About the Project
This project addresses the critical issue of employee attrition using Data Science and Analytics. By analyzing IBM HR datasets, we identify patterns leading to attrition and predict potential cases, enabling proactive retention measures.
The solution achieves 99.8% accuracy in predicting attrition using advanced machine learning techniques.
Project Goals
- Analyze employee profiles and identify attrition patterns
- Build predictive models to flag at-risk employees
- Provide actionable insights for HR decision-making
- Compare performance of multiple ML algorithms
Dataset
IBM HR Analytics Dataset with 24,000 employee records containing:
- Categorical Features: Department, JobRole, OverTime, BusinessTravel, etc.
- Numerical Features: Age, MonthlyIncome, JobSatisfaction, YearsAtCompany, etc.
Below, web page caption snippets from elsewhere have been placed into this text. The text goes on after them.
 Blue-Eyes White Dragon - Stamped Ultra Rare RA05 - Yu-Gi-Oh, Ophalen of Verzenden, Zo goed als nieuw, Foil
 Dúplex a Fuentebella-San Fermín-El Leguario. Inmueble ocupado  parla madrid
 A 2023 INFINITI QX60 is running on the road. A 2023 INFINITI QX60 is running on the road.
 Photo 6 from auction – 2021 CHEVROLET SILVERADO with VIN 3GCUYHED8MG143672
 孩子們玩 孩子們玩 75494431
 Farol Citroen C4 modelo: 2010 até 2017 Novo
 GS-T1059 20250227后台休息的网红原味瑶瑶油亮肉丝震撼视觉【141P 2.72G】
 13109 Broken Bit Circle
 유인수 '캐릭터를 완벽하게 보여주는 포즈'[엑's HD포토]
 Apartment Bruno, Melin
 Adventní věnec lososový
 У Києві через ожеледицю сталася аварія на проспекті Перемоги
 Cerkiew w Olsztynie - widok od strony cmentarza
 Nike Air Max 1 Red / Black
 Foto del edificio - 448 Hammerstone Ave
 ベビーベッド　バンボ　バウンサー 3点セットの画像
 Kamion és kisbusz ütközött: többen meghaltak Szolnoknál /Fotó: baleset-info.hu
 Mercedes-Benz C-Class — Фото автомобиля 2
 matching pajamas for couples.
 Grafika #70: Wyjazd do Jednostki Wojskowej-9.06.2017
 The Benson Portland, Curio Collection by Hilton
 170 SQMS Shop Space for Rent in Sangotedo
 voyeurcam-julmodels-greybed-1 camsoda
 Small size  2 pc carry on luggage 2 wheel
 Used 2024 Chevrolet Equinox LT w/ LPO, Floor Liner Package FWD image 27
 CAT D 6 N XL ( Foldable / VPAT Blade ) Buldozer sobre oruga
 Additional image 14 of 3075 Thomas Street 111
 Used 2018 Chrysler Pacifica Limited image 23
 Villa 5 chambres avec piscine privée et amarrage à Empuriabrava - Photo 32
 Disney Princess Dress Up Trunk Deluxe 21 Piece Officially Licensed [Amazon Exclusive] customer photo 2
- Target Variable: Attrition (Yes/No)
Methodology
Data Preprocessing
- Exploratory Data Analysis with visualization
- Handling missing values and feature engineering
- Label encoding and one-hot encoding for categorical variables
- SMOTE for handling class imbalance
Machine Learning Models
- Evaluated 8+ algorithms including Logistic Regression, Random Forest, and XGBoost
- Feature selection using RFE and SequentialFeatureSelector
- Hyperparameter tuning for optimal performance
Results
- Train Accuracy: 99.98%
- Test Accuracy: 99.81%
- ROC-AUC Score: 0.99
XGBoost outperformed other models with near-perfect accuracy in identifying attrition cases.